There are three parts to a function: its formal parameters, its body, and the environment it is defined in. The functions formals(), body(), and environment() give you these.

formals() returns a list where element names are the parameter names and values are default parameters.

You cannot use the missing function to check for a missing value in a formals function (that function is useful only inside a function call, and in any case there is a difference between a missing parameter and one that doesn’t have a default value), but you can always check whether the value is the empty symbol.

The function body is an expression.

When a function is called, R sets up an environment for it to evaluate this expression in; this environment is called the evaluation environment for the function call.
The evaluation environment is first populated with values for the function’s formal parameters, either provided in the function call or given as default parameters, and then the body executes inside this environment.
Assignments will modify this local environment unless you use the <<- operator, and the result of the function is the last expression evaluated in the body. This is either the last expression in a sequence or an expression explicitly given to the return function.

eval(body(f), list(x = 2))

The eval function evaluates an expression and uses the second argument to look up parameters. You can give it an environment, and the expression will then be evaluated in it, or you can use a list.

When a function, f, is created, it gets associated with environment(f). This environment is the environment where f is defined. When f is invoked, R creates an evaluation environment for f; let’s call it evalenv. The parent of evalenv is set to environment(f). Since environment(f) is the environment where f is defined, having it as the parent of the evaluation environment means that the body of f can see its enclosing scope if f is a closure.

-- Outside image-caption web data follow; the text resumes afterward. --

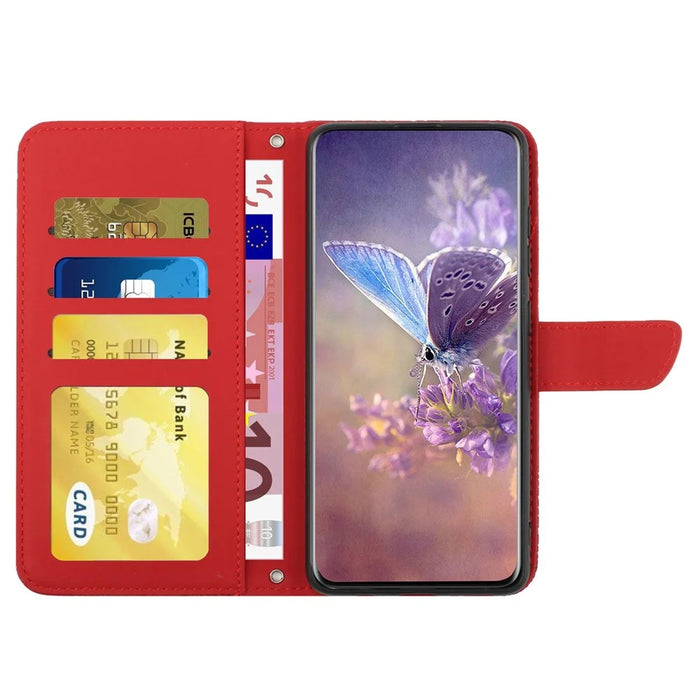 Imprinting Butterfly Flowers Case for iPhone 14 6.1 inch, Adjustable Stand PU Leather Wallet Phone Shell with Shoulder Strap - Red - 2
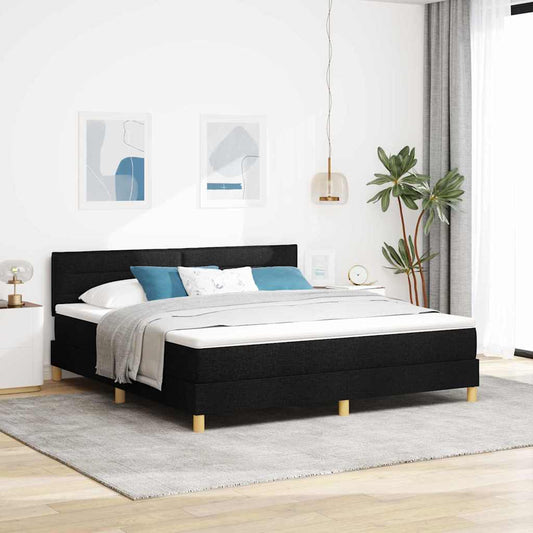 vidaXL LED Κρεβάτι με βάθρο με κεφαλάρι Μαύρο 180 x 200 cm ύφασμα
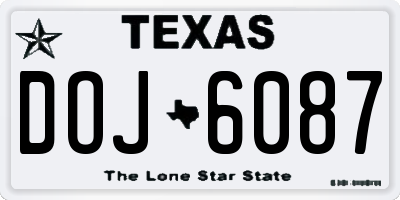 TX license plate DOJ6087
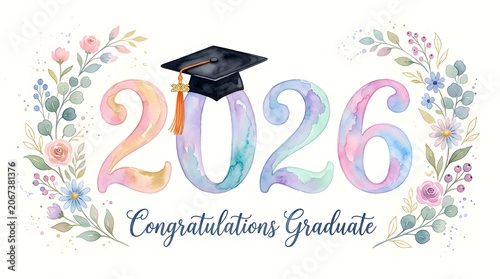 Watercolor floral graduation design for class of 2026 isolated on white background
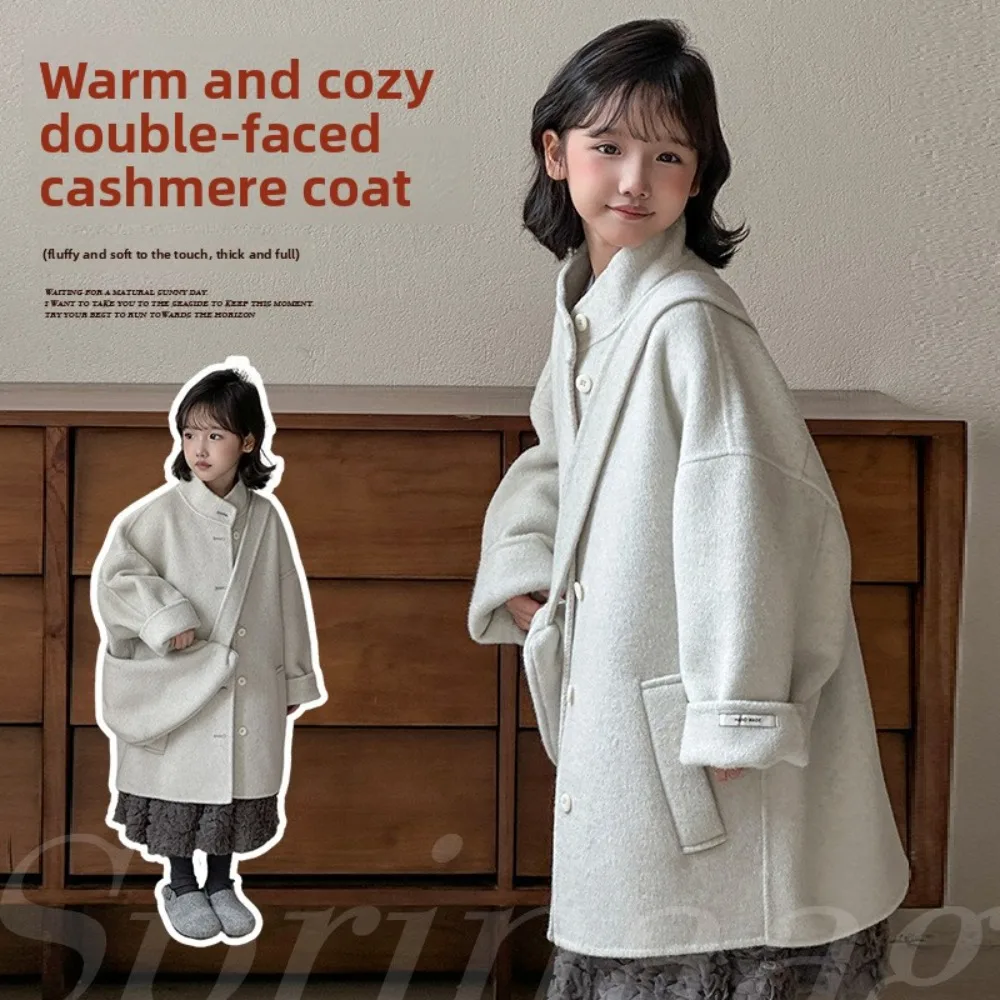 Girls Double Sided Wool Coat Autumn Winter New Korean Style Mid-Length Overcoat for Big Kids Kids Woolen Jacket With Handbag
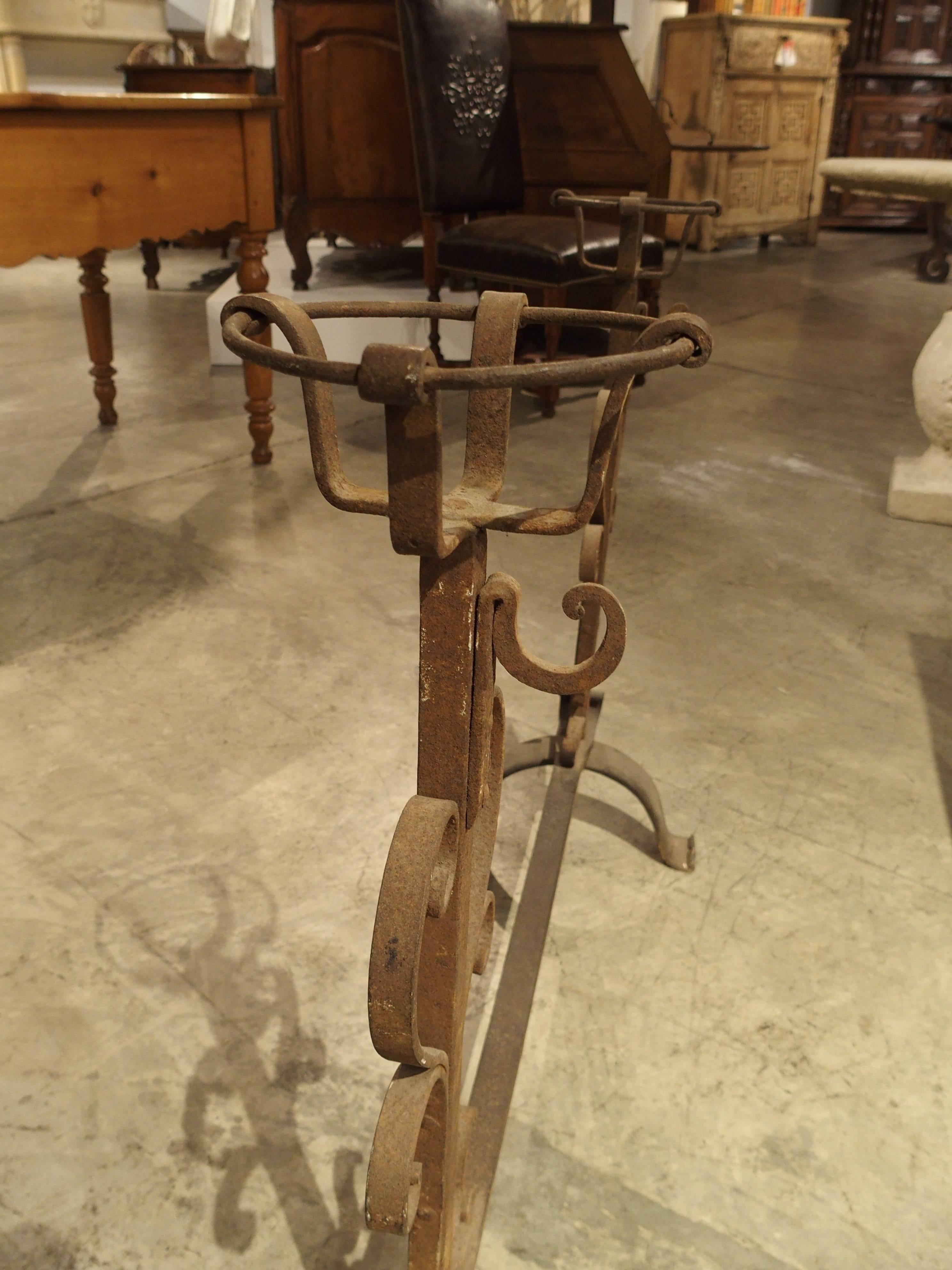 French Antique One-Piece Cooking Andiron from France, circa 1800 For Sale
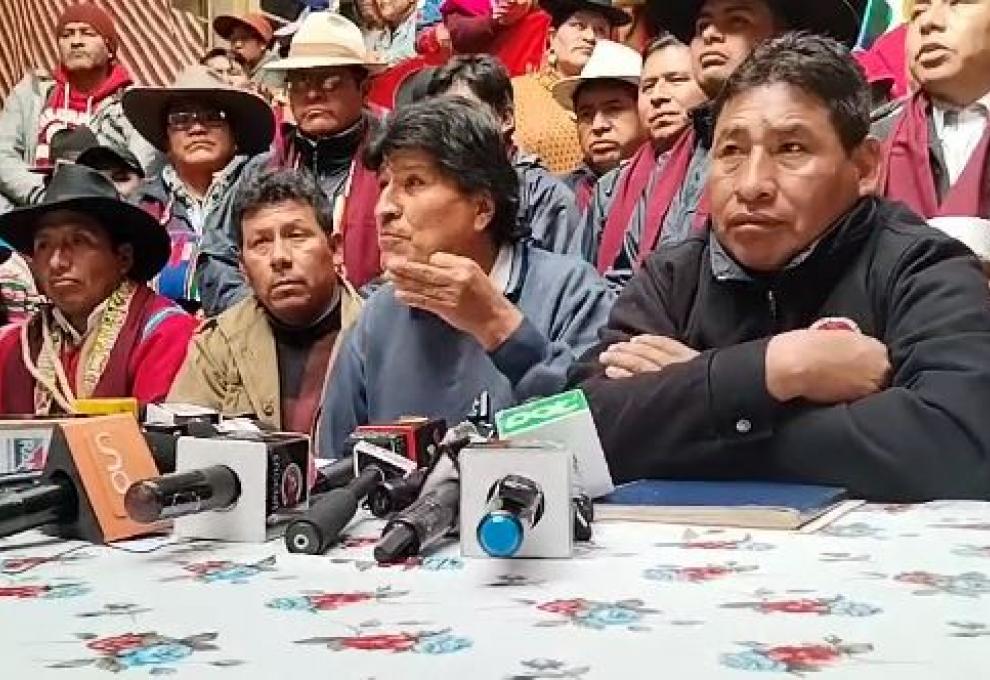 Evo Morales en conferencia de prensa El Alto. Foto: Captura de video.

After the evaluation environment is created, the formals of f are added to it as promises. Default parameters will be promises that should be evaluated in the evaluation scope, evalenv. This means they can refer to other local variables or formal parameters. Since these will be put in evalenv and since evalenv’s parent is environment(f), these promises can also refer to variables in the scope where f was defined. Expressions given to f where it is called, however, will be stored as promises that should be called in the calling environment. Let’s call that callenv.

To set up the promises, the delayedAssign function takes two environments as arguments. The first is the environment where the promise should be evaluated, and the second is where it should be stored.

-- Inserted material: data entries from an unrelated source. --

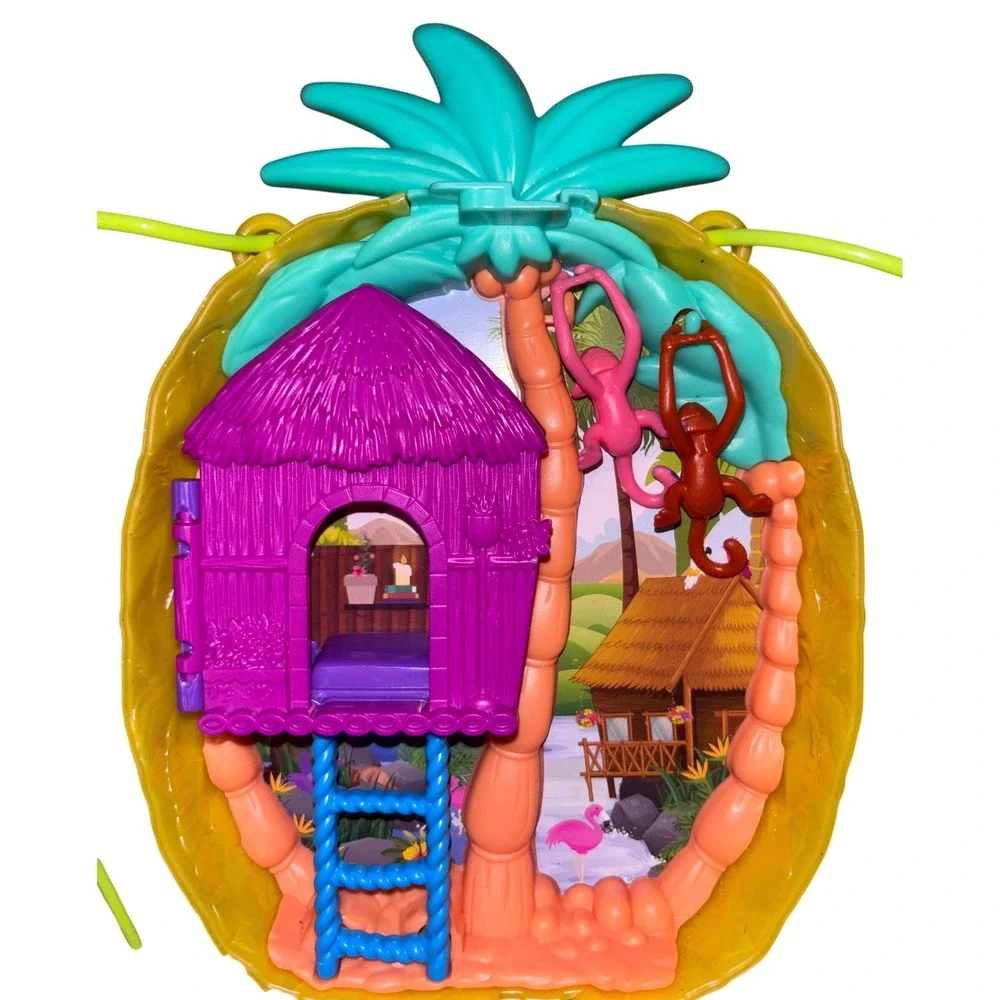 Polly Pocket Tropical Pineapple Purse Kids Playset Yellow Excellent Safari‎ Toy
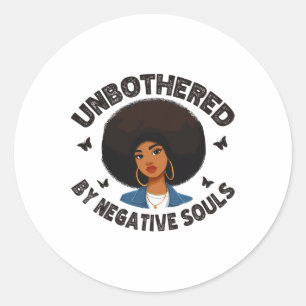 Pegatina Redonda Sy Black Queen Afroamerican
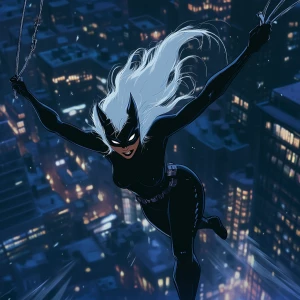 “Animate Felicia Hardy (Black Cat) gracefully swinging through a...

List doesn’t like empty values.

alist() function creates a pair-list, which is a data structure used internally in R for formal arguments. It is the only thing this data structure is used for, but if you start hacking around with modifying parameters of a function, it is the one to use.

Using alist, expressions are also automatically quoted.

Constructing Functions

as.function() takes an alist as input and interprets the last element in it as the new function’s body and the rest as the formal arguments.

If you give as.function a list, it interprets that as just an expression that then becomes the body of the new function.

The environment of the new function is by default the environment in which you call as.function. So to make a closure, you can just call as.function inside another function.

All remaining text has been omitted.